At first, I started to work on a MessagePack implementation for LuaJIT. I wanted something which satisfies my needs in terms of simplicity, performances, safety, robustness, output stability, flexibility and concurrency. Because the Lua data model is fundamental to my methodology, I considered relevant to invest my time working on an implementation that I can deeply understand, test and optimize.
- Simplicity and performance, e.g. by targeting LuaJIT 2.1 exclusively instead of multiple Lua versions.
- Safety and robustness, e.g. to deal properly with malicious inputs when unpacking. It is especially relevant because LuaJIT exposes powerful low-level abstractions that can be used to improve performances, but could introduce unsafety.
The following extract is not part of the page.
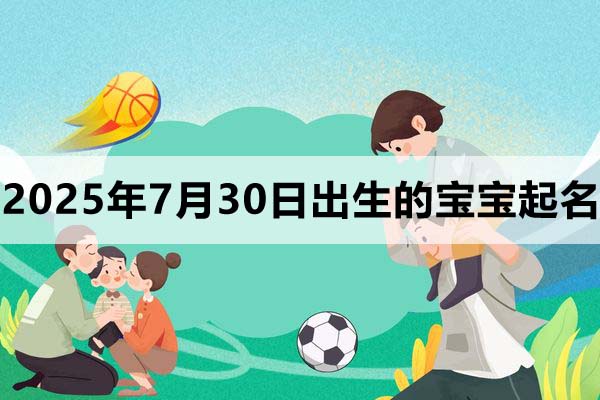 2025年7月30日出生的寶寶取什么名好,五行缺什么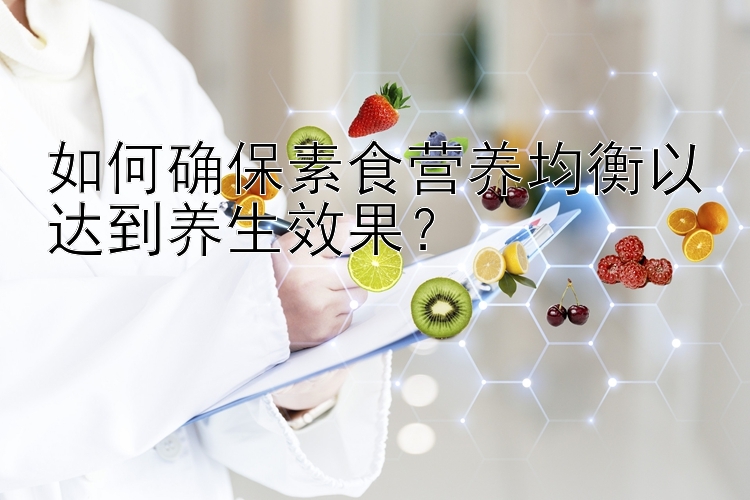 如何确保素食营养均衡以达到养生效果？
- Output stability. No deterministic guarantees; it is a best effort to facilitate the use of delta compression (e.g. with Fossil).
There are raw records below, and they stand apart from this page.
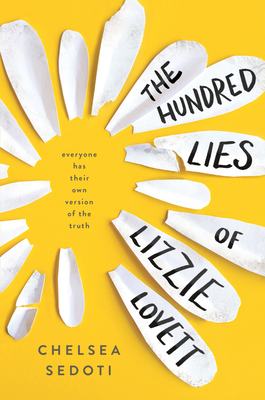 The Hundred Lies of Lizzie Lovett - Chelsea Sedoti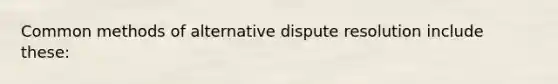 Common methods of alternative dispute resolution include these:
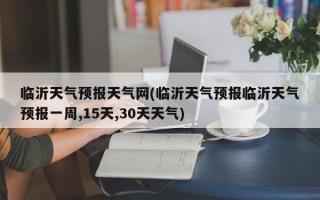 临沂天气预报天气网(临沂天气预报临沂天气预报一周,15天,30天天气)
- Flexibility. E.g. global and per call pack/unpack configuration.
- Concurrency. Concurrent/progressive processing with coroutines.
I wanted to stick with MessagePack to avoid the creation of a new format and to increase interoperability, but I realized that the way I would use MessagePack would not be interoperable; it doesn't sufficiently match the Lua data model and there were simplification and specialization opportunities by designing a format just for Lua(JIT).
The LDM format has the following noteworthy advantages:
- Conceptual simplification: the format rests on Lua instead of generalizing to all programming languages.
- Representation of the Lua data model, preserving object identities and references of a directed graph.
- Domain specific compression: string deduplication, external strings.
- Representation of external resources using external dictionaries.
- Support for metatables. They can be used in place of MessagePack extensions.